Subgraph Federated Learning via Spectral Methods
This addresses privacy and scalability challenges in federated learning for graph data, though it appears incremental as it builds on existing FL methods with a novel spectral approach.
The paper tackles federated learning with graph-structured data across interconnected subgraphs, proposing FedLap to address privacy and scalability issues by using Laplacian smoothing in the spectral domain, achieving competitive or superior utility in experiments.

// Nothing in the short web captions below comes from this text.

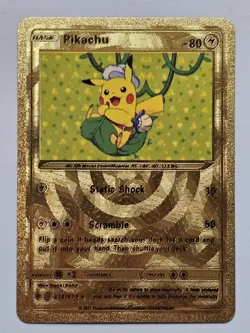 Set Of 3 Pokemon Gold Foil Fan Art Card PIKACHU VMAX Gigantamax 310HP 044/185 - Image 4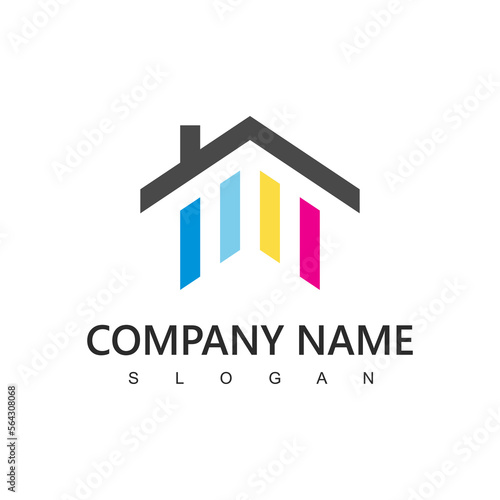 Colorful House Logo For Real Estate Agency, or House Painting Company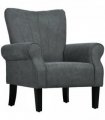 HOMCOM Armchair, Upholstered Modern Accent Chair with Wood Legs, Grey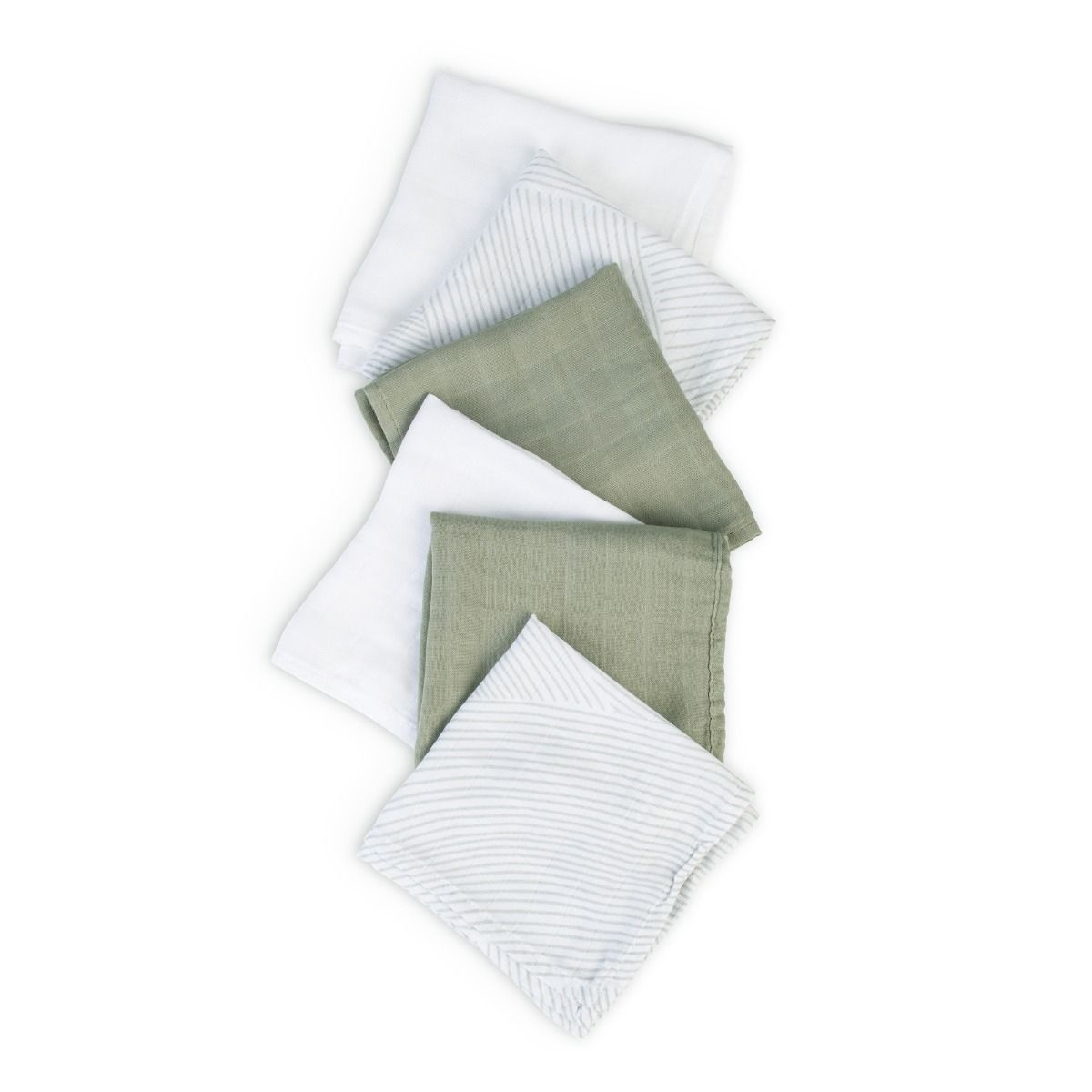 Little Bamboo Muslin Washers 6pk - Bayleaf | Baby Bath Wash Cloth | modandtod.com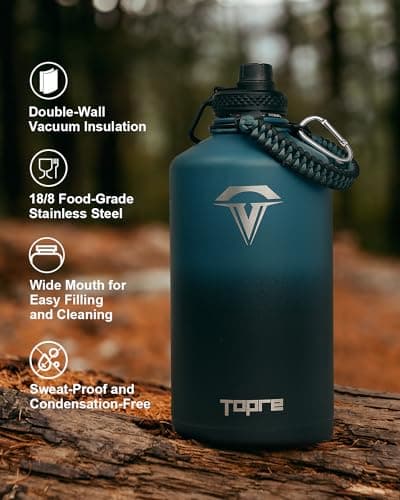 Indigo Black Insulated 1 Gallon Water Bottle, BPA-Free & Leakproof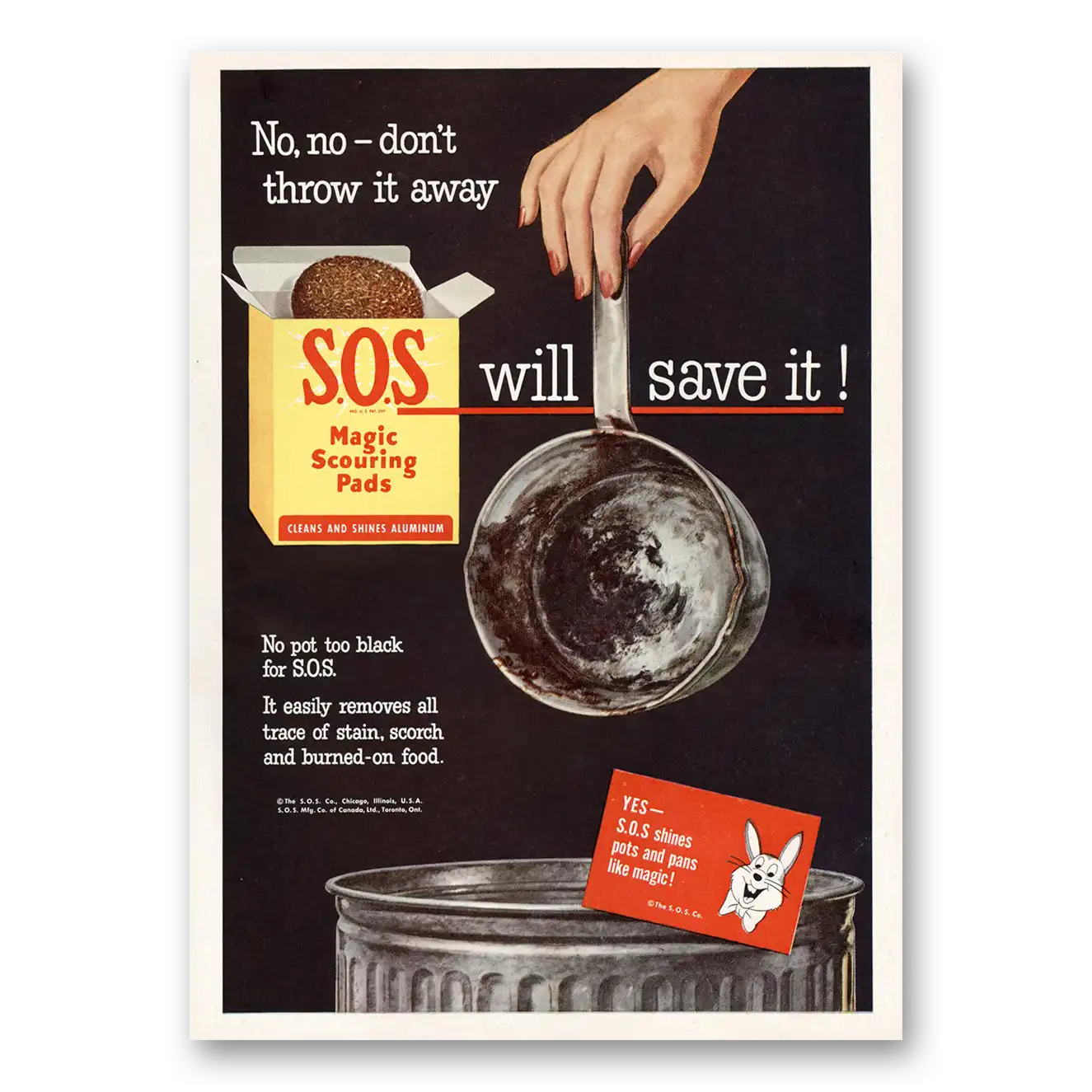 1953 SOS Scouring Pads No Don’t Throw It Away Vintage Magazine Print Ad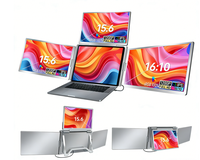 Moniteur portable triple écran pour ordinateur portable 15,6 pouces, prix usine de gros, 1920*1080, double écran LCD IPS, Type C, pour professionnels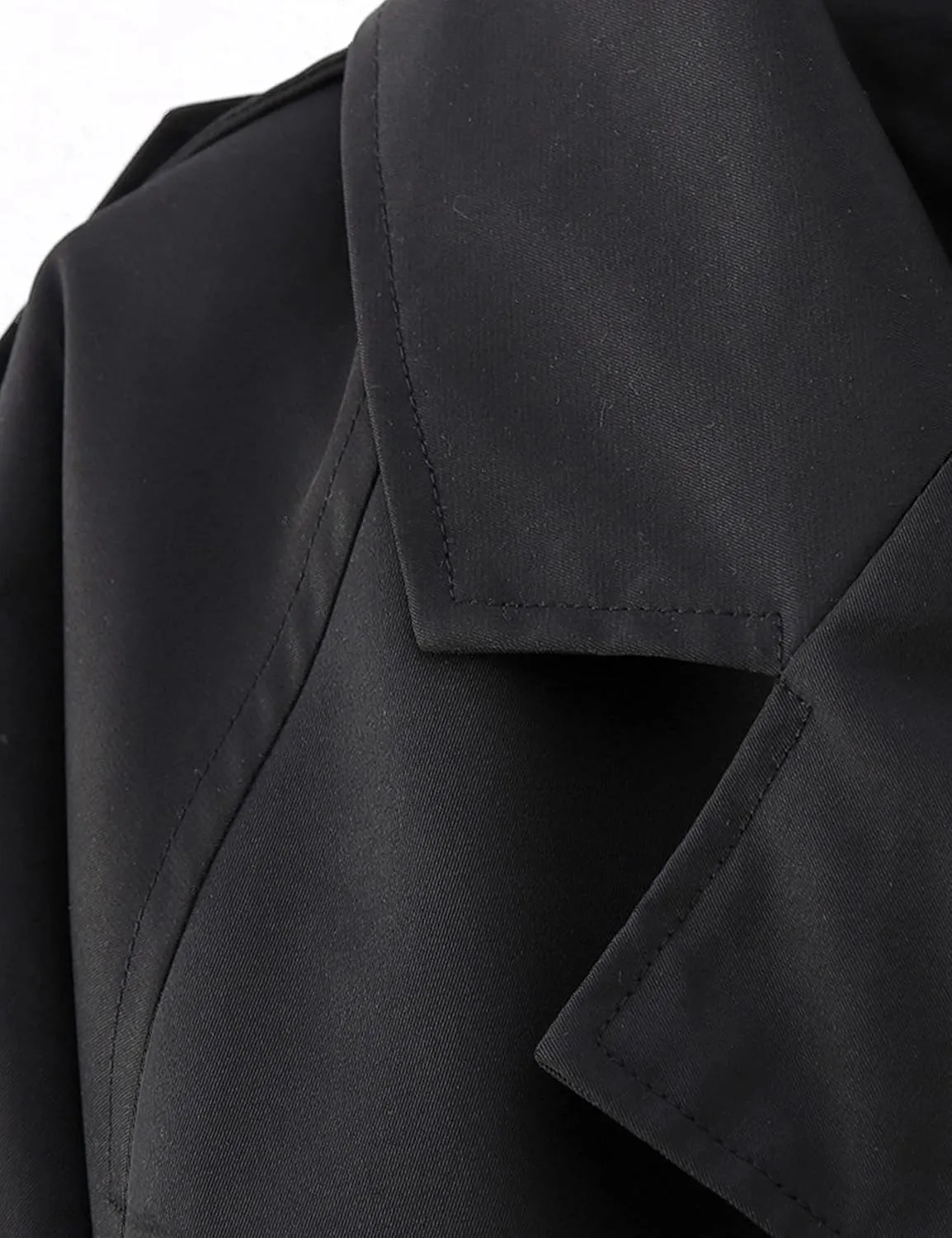 Faleave Womens Cropped Jacket Long Sleeve Belted Trench Coat Solid Color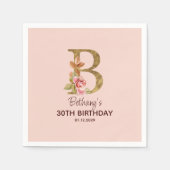 Aangepaste naam letter B goud blozend roze rozen Servet (Voorkant)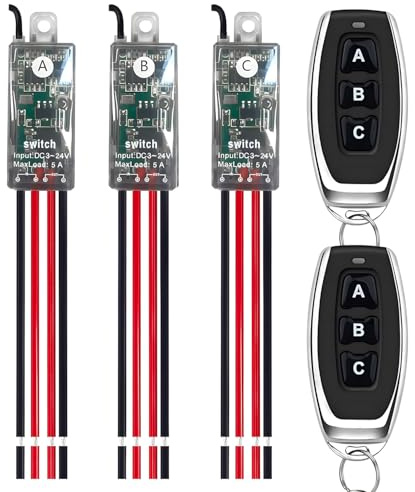 dstfuy 12v funkschalter,3 Wege kabelloser Lichtschalter. | DC 5V/12V/24V/5A Mini Relais Wireless Lichtschalter Fernbedienung 164FT Langstrecken,für Deckenleuchten,LED Streifen.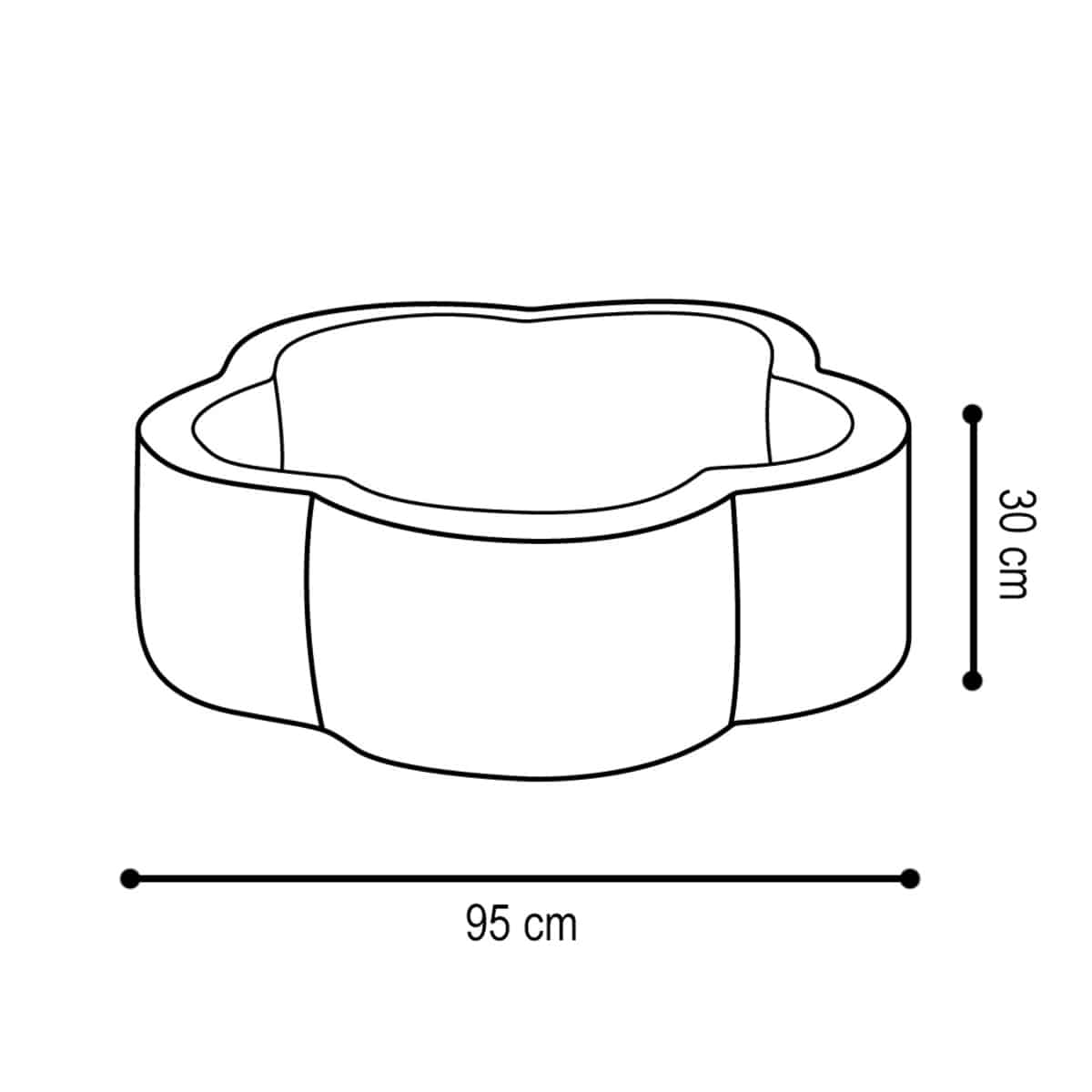 Pallomeri Kukka 90x 30cm Sininen sametti, 200 palloa - Image 5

We consider the problem of federated learning (FL) with graph-structured data distributed across multiple clients. In particular, we address the prevalent scenario of interconnected subgraphs, where interconnections between clients significantly influence the learning process. Existing approaches suffer from critical limitations, either requiring the exchange of sensitive node embeddings, thereby posing privacy risks, or relying on computationally-intensive steps, which hinders scalability. To tackle these challenges, we propose FedLap, a novel framework that leverages global structure information via Laplacian smoothing in the spectral domain to effectively capture inter-node dependencies while ensuring privacy and scalability. We provide a formal analysis of the privacy of FedLap, demonstrating that it preserves privacy. Notably, FedLap is the first subgraph FL scheme with strong privacy guarantees. Extensive experiments on benchmark datasets demonstrate that FedLap achieves competitive or superior utility compared to existing techniques.